Have you ever been rediculously connected with someone? The kind of connection to where all you have to do is look at them and you know exactly what eachother is thinking. Saying the same things at the same time. This is really common with best friends and such. This is because when two brains are in the presence of one another, they build this connection.
Well with Dylan, it seems like it did not even have to be built. It was almost always there. From the first five minutes we knew eachother. The first thing that we did at the same time was snap... There is no need for the history of the snap :) One of our personal favorites is when we said "pre-laugh" at the same time... Yeah. That isn't even a word... All throughout camp, we would say or do the same things. We were so obviously the perfect match.

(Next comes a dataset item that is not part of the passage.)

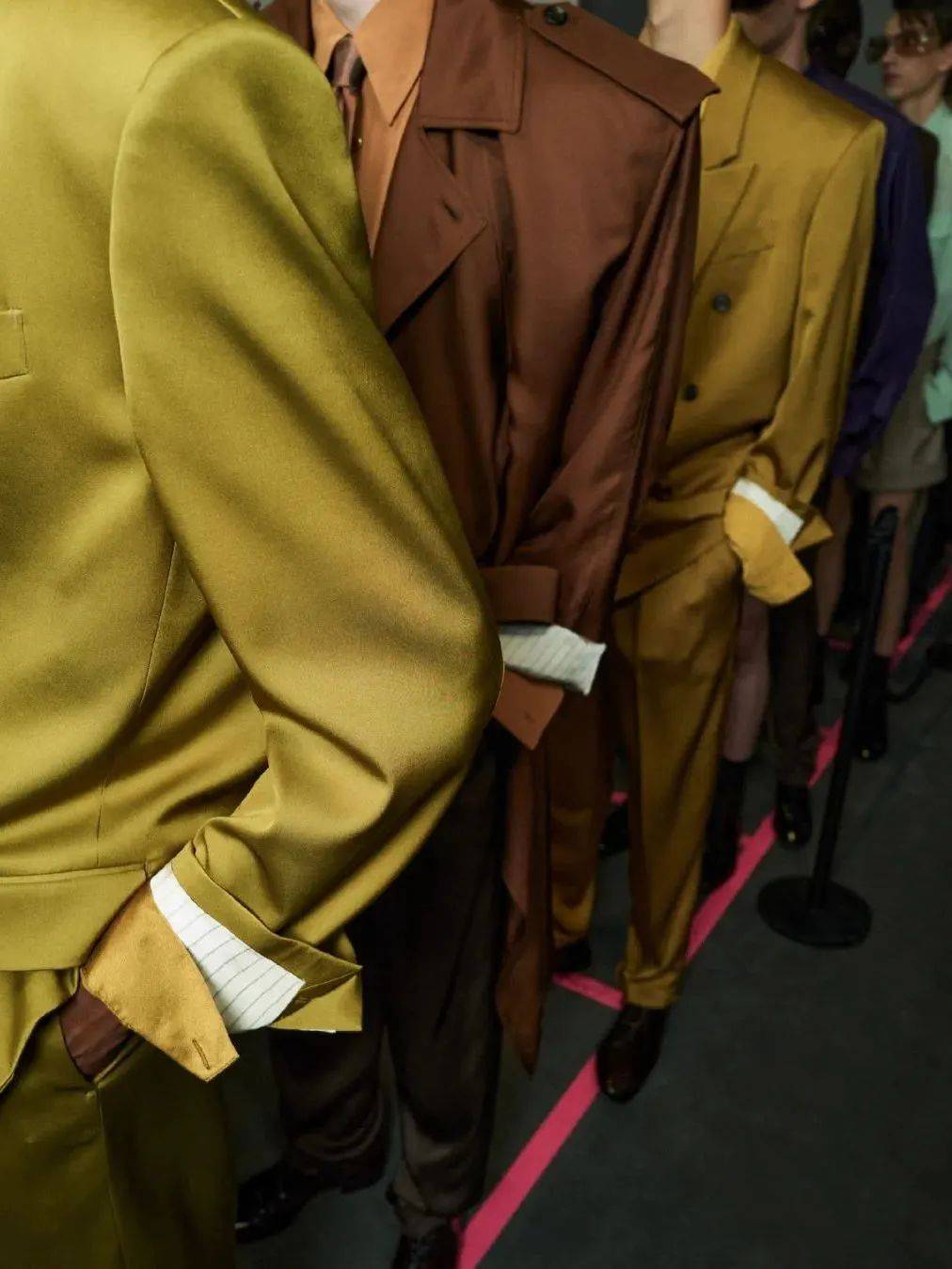 质感女人怎么都在穿这个颜色<strong></p>
<p>黄金国际价格</strong>？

Even when we are apart, we still find ourselves doing the same things at the same time. It still amazes me. I feel so lame. I should be used to it... It's been almost ten months. Well, in a week. It just keeps getting closer and closer to a year. Second by second, minute by minute, hour by hour, day by day, week by week, month by month, and soon, year by year.
We are so in love. It is undeniable. It sounds really cheesy when I say it out loud. But, the moment we see eachother, it triggers something in my head that just makes me feel so happy. I really wish I could describe the feeling... It really is like none other.

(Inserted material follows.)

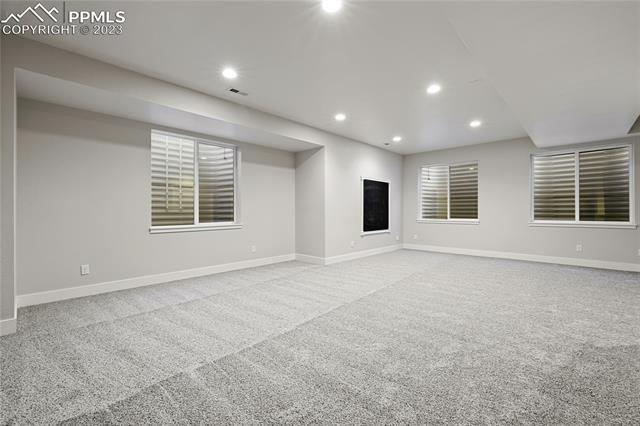 4554 Hanging Lake Circle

Have you ever felt truly secure? So safe and so set on something that nothing in the world can change it? It doesn't have to be when it comes to relationships. Just on person, place, or thing in your life that you have so much confidence that it will always make you happy and that will never change. I guess that is one way to describe how I feel... Just... completely and totally secure.
Ready for a cheese ball moment? Dylan is just one of those people I could never get tired of looking at. I really could just stare at him all day... Sounds kind of weird or creepy, I know. But if you have experienced it, then you know exactly what I am talking about.
Can you imagine having one thing on your mind constantly for ten months? Even if it's something weird like fruit roll-ups... but never being able to get it off your mind because it's like the greatest thing in the world to you. And whether you want to think about it or not, it's always going to be there. I have accepted the fact that Dylan is probably never going to escape my mind, at least not for now. Because, I find myself thinking "hm... haven't thought about Dylan in a while..." Then I immediately start think about him.
It's hard sometimes to keep it all in... Having all of these thoughts and scenarios in my head and trying to keep them in my head. There are a few people that I can pretty openly talk about Dylan with... But I try not to becase then I find it hard to shut up and I don't want to tell people things they aren't interested in. That is one of the reasons I started this blog. If you don't want to read it, you don't have to. And it makes me happy to know that there are some people who care and are interested. :)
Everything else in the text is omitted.